Bishop accuses Vatican of limited talk with Orthodox

WARSAW, Poland – A Russian Orthodox bishop who walked out of official Catholic-Orthodox talks has accused the Vatican of pursuing dialogue with only part of the Orthodox church.

“Without the Russian church, it will no longer be an Orthodox-Catholic dialogue,” said Bishop Hilarion of Vienna and Austria. “It will be the Vatican’s dialogue with just a part of the Orthodox church. I don’t think all Orthodox churches will accept the outcome of such a dialogue.”

Bishop Hilarion told Russia’s Interfax news agency in mid-November that the Oct. 8-15 meeting of the official Catholic-Orthodox dialogue commission had fallen into a trap by comparing the pope with the ecumenical patriarch of Constantinople, who within the Orthodox church does not have the same status the pope has in the Catholic Church.

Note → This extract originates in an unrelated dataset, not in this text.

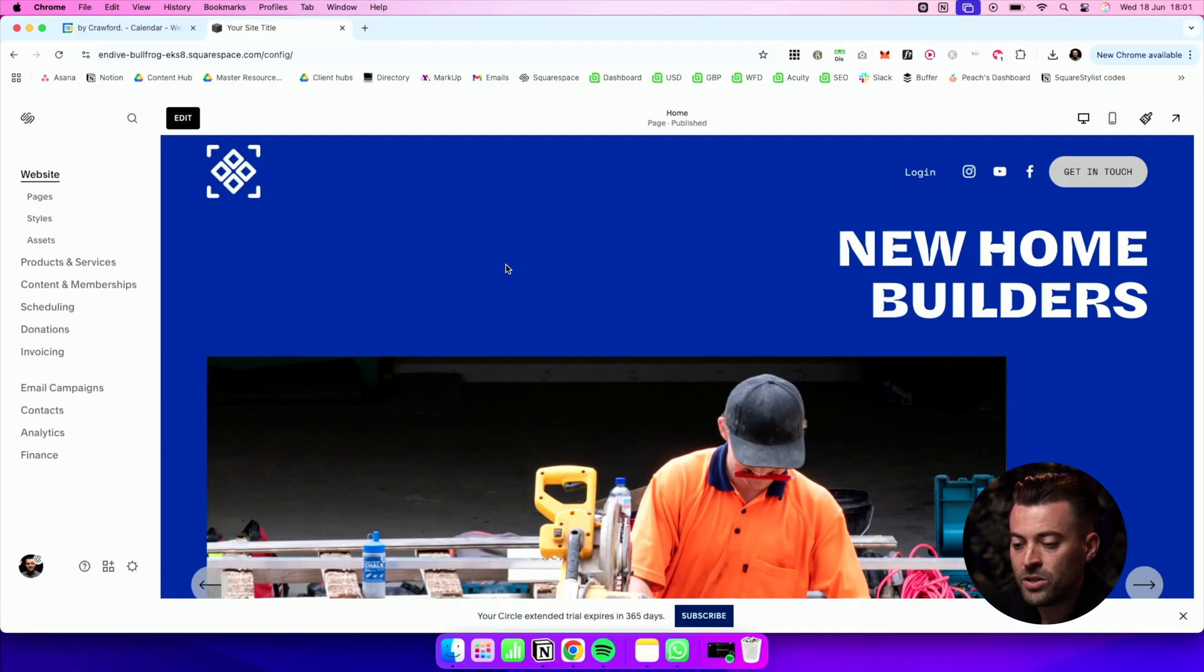So let's say you've got a code snippet and the provider of the code has said you need to put this into your site's header or footer. Well, where do you actually add it? There's a few places that we can look and I'm going to show you them now.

A joint document from the dialogue, published Nov. 15, recognizes the bishop of Rome’s primacy among all the world’s bishops, but calls for his role to be studied further in the next phase of Catholic-Orthodox dialogue.

“The document has a whole series of doubtful conclusions and assertions which are not borne out by historical truth,” said Bishop Hilarion, who heads the Russian Orthodox Church’s representation to European institutions. “In 2006 … I already disputed these assertions and called them contradictions of the ecclesiological self-interpretation of local Orthodox churches.”

The Russian Orthodox delegation, which left the talks early after objecting to the presence of an Orthodox group from Estonia, did not sign the document.

Bishop Hilarion said the document would be “thoroughly examined” by his church’s theological commission, which would then need to have its assessment approved by the governing synod.